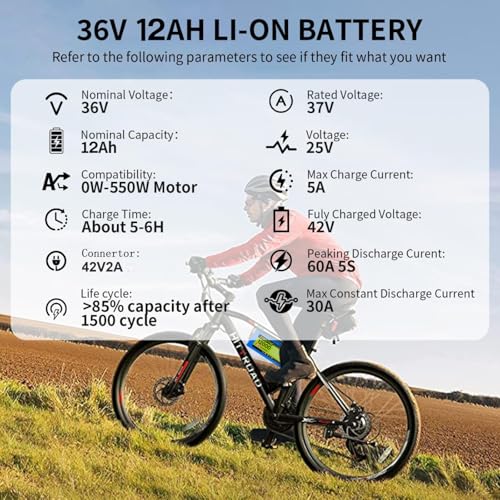 36V 12Ah Lithium Ebike Battery with 20A BMS - Y-36V12AH (120-1000W)
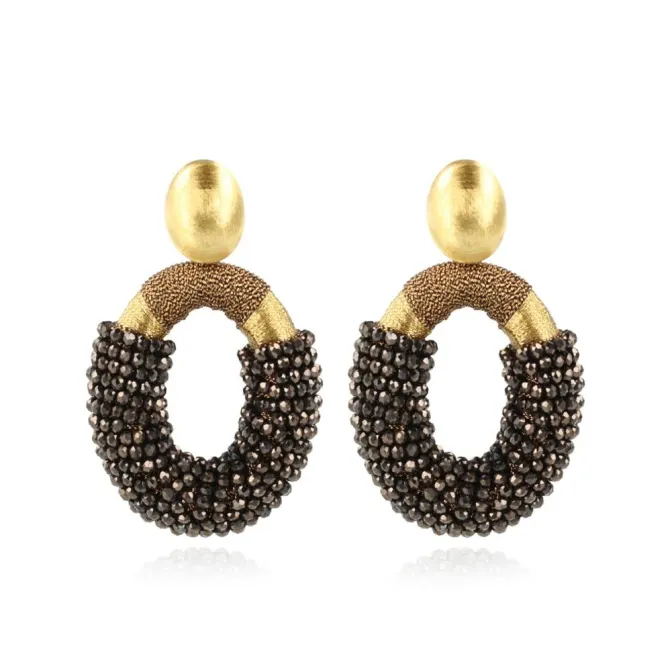 Metallic Bruine Oorbellen Yara Oval L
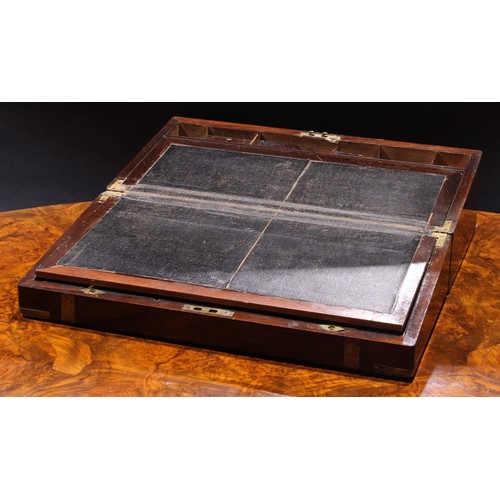 1266 - A 19th century brass mounted rosewood writing box, the interior typically fitted and incorporating a... 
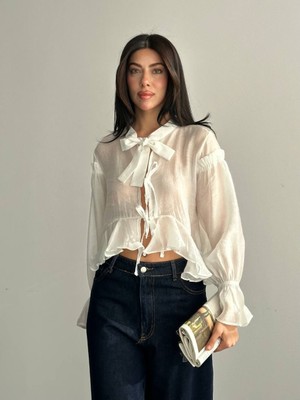 Cemo Kadın Bağlama Detaylı Transparan Şifon Gömlek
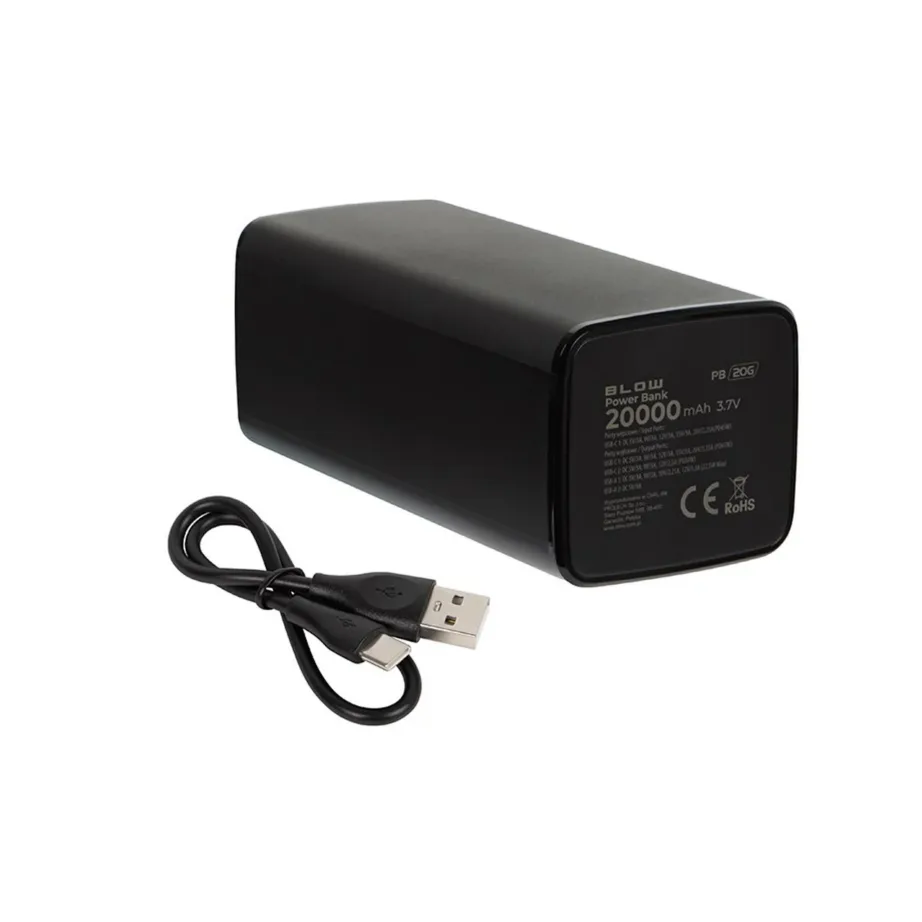BLOW PB20G 81-153 must 20000mAh 65W akupank, 2×USB-A ja USB-C, kuni 3 seadmele – 2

EXERCISE OBJECTIVE: Print exactly the line containing "Cemo Kadın Bağlama" and every line after it through the final line above, and leave all pictures out.

ANSWER SECTION:
 Cemo Kadın Bağlama Detaylı Transparan Şifon Gömlek
BLOW PB20G 81-153 must 20000mAh 65W akupank, 2×USB-A ja USB-C, kuni 3 seadmele – 2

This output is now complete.